A health warning about the GLEI APIs: read the terms and conditions (below). They are rate limited and exceeding the rates will likely result in 429 status codes (too many requests).


Terms & Conditions

There is no charge for the use of GLEIF’s LEI data.

GLEIF does not enter into individual contractual relationships with specific users of the LEI data.

Rate limiting is currently set at 60 requests, per minute, per user, for all users.

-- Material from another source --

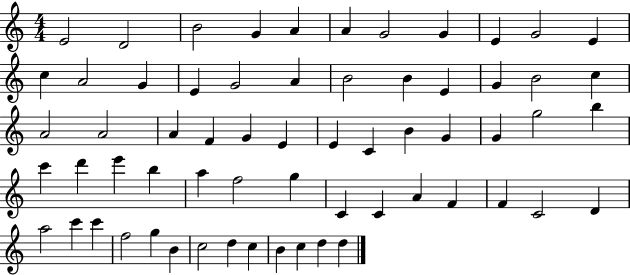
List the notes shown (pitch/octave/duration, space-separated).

E4/h D4/h B4/h G4/q A4/q A4/q G4/h G4/q E4/q G4/h E4/q C5/q A4/h G4/q E4/q G4/h A4/q B4/h B4/q E4/q G4/q B4/h C5/q A4/h A4/h A4/q F4/q G4/q E4/q E4/q C4/q B4/q G4/q G4/q G5/h B5/q C6/q D6/q E6/q B5/q A5/q F5/h G5/q C4/q C4/q A4/q F4/q F4/q C4/h D4/q A5/h C6/q C6/q F5/h G5/q B4/q C5/h D5/q C5/q B4/q C5/q D5/q D5/q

Please refer instead to the LEI Data Terms of Use available here: https://www.gleif.org/en/meta/lei-data-terms-of-use/


Using Excel?

In case you are using excel to open or view the original and enriched csv files, please note that due to the accented and non-Latin characters supported by LEI fields, such as those found in legal name, the python code uses UTF-16 encoding when writing the data to the enriched csv file. If you try to open this using Excel (double clicking the csv file), it may not work. Instead, follow these steps to import the csv file into Excel:

  1. Open Excel, then open a blank workbook.
  2. From the ribbon select File then Open.
  3. Browse to the location of the csv file, select it then choose Open.
  4. At the Text Import Wizard, ensure you select Unicode (UTF-8) as the File origin. This is very important — see picture below.
  5. If asked to convert the data, select Don’t Convert.
Setting Excel import encoding to UTF-8
Excel asking to convert LEI to number using scientific notation – DO NOT CONVERT!

Finally, If you must use Excel, I’d advise using a Power Query import. For large csv files this is more efficient. Certainly, don’t try to import the ISIN / LEI mapping file unless using a data model in Power Query. The ISIN / LEI csv has over 2 million records and is >240Mb.